**Assigned task**
Type out the complete listing below word for word, without its pictures.

**Source data**
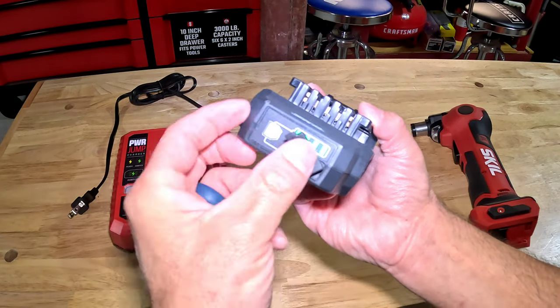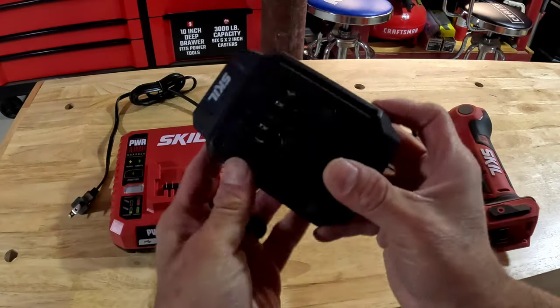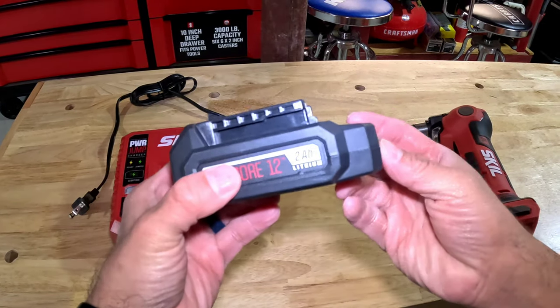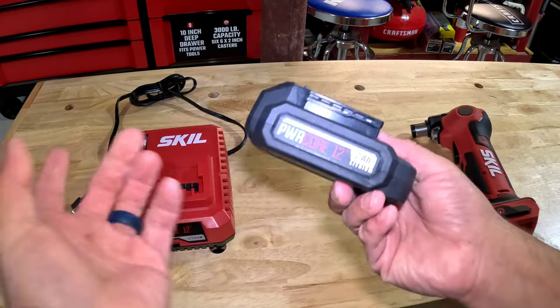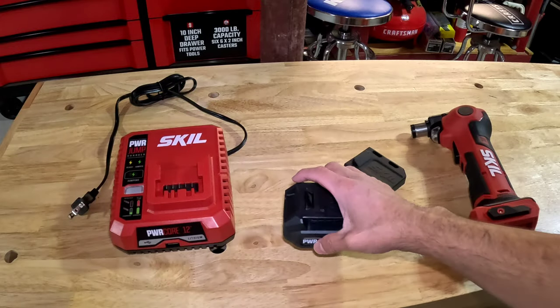The USB port lets you charge your phone or other device. I really like that feature. Some of the 20-volt batteries have that too. I'm lucky this one has it. It's a really tiny form factor.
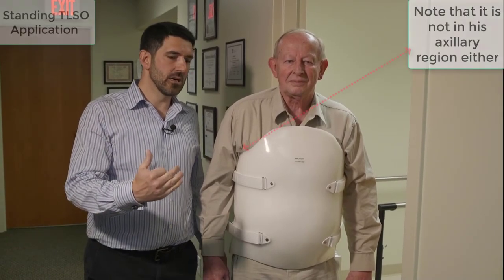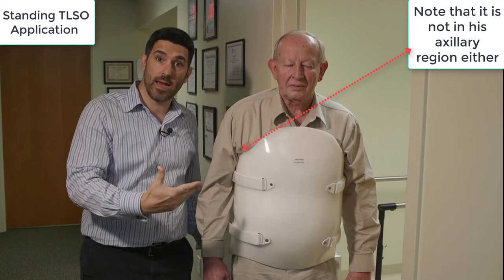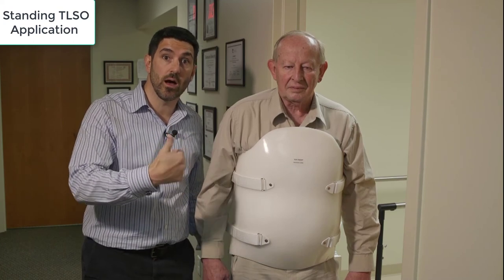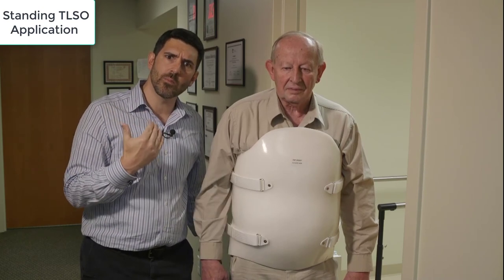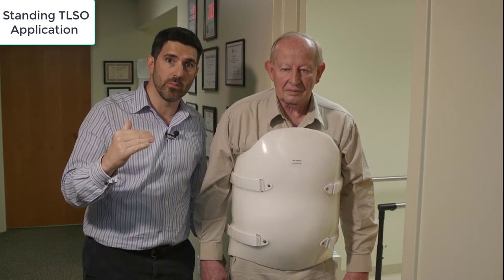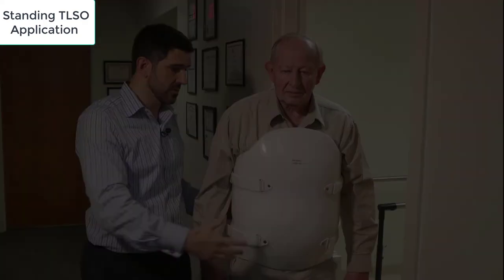Right now Bob is in a straighter position and the brace is not in his neck. We're going to do this same process in a minute with him sitting, and you can see where the problem happens. The whole point is we're trying to teach people who apply braces — whether in a nursing home, a hospital, a doctor's office, when the orthotist is not there — so you have an understanding of why a brace might end up in someone's neck. It's a huge problem, and an orthotist will see it the most, but we can help you apply braces better.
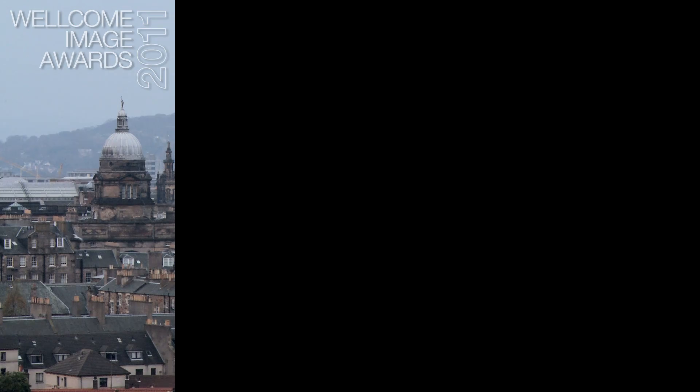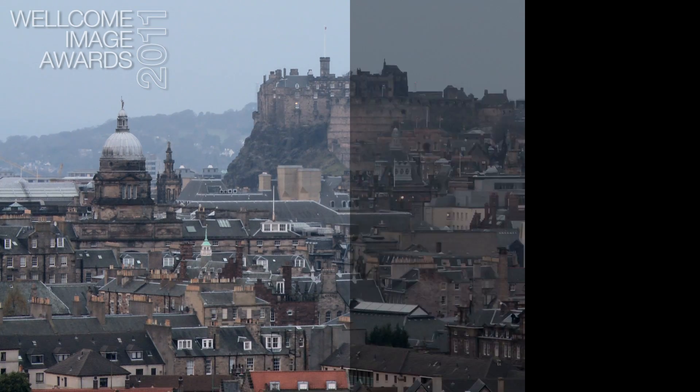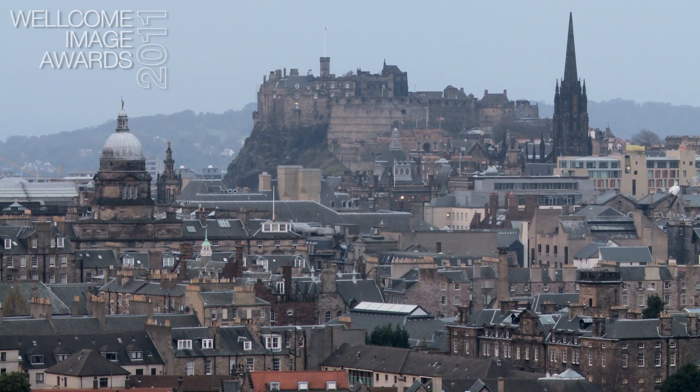OPT stands for optical projection tomography. The word tomography itself simply comes from the Greek of tomo, meaning a cut or a slice.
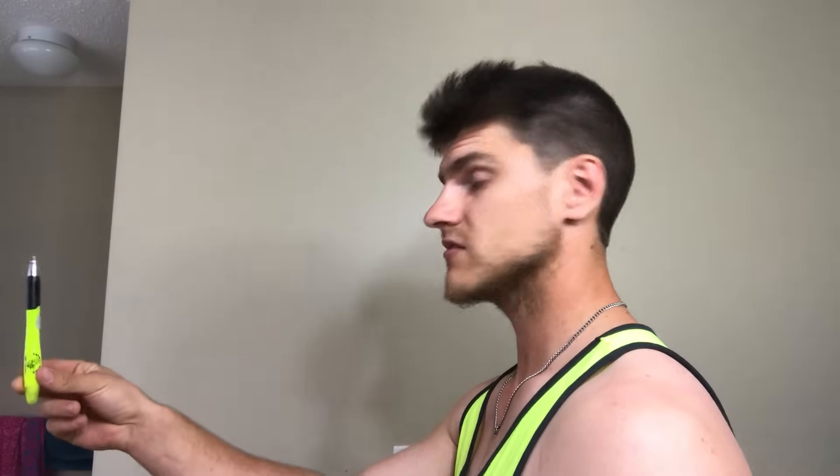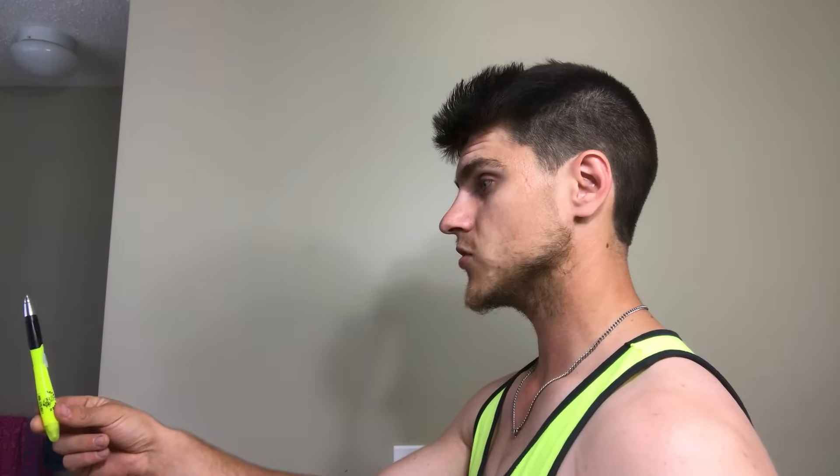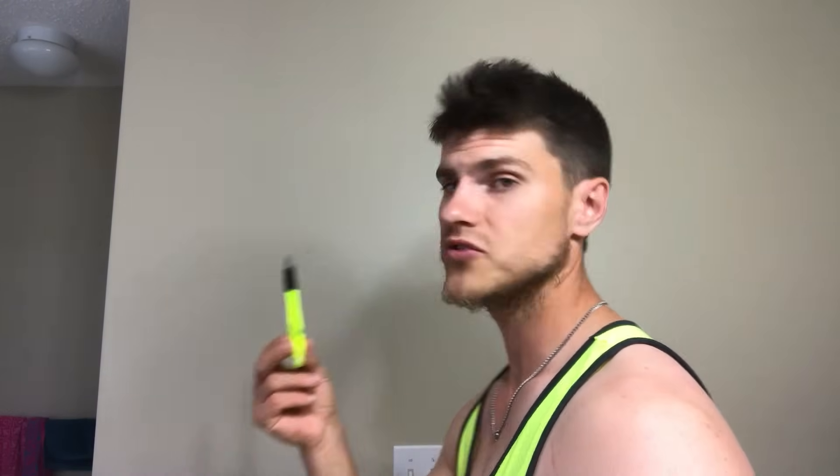For the first exercise, get any kind of pen — it doesn't matter. Hold it decently far away from your body and look at the very tip. Make sure both eyes are concentrated on the tip. Then, slowly bring it towards you, keeping both eyes focused on the tip the whole time.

**Exercise output**
The USB port lets you charge your phone or other device. I really like that feature. Some of the 20-volt batteries have that too. I'm lucky this one has it. It's a really tiny form factor.
Right now Bob is in a straighter position and the brace is not in his neck. We're going to do this same process in a minute with him sitting, and you can see where the problem happens. The whole point is we're trying to teach people who apply braces — whether in a nursing home, a hospital, a doctor's office, when the orthotist is not there — so you have an understanding of why a brace might end up in someone's neck. It's a huge problem, and an orthotist will see it the most, but we can help you apply braces better.
OPT stands for optical projection tomography. The word tomography itself simply comes from the Greek of tomo, meaning a cut or a slice.
For the first exercise, get any kind of pen — it doesn't matter. Hold it decently far away from your body and look at the very tip. Make sure both eyes are concentrated on the tip. Then, slowly bring it towards you, keeping both eyes focused on the tip the whole time.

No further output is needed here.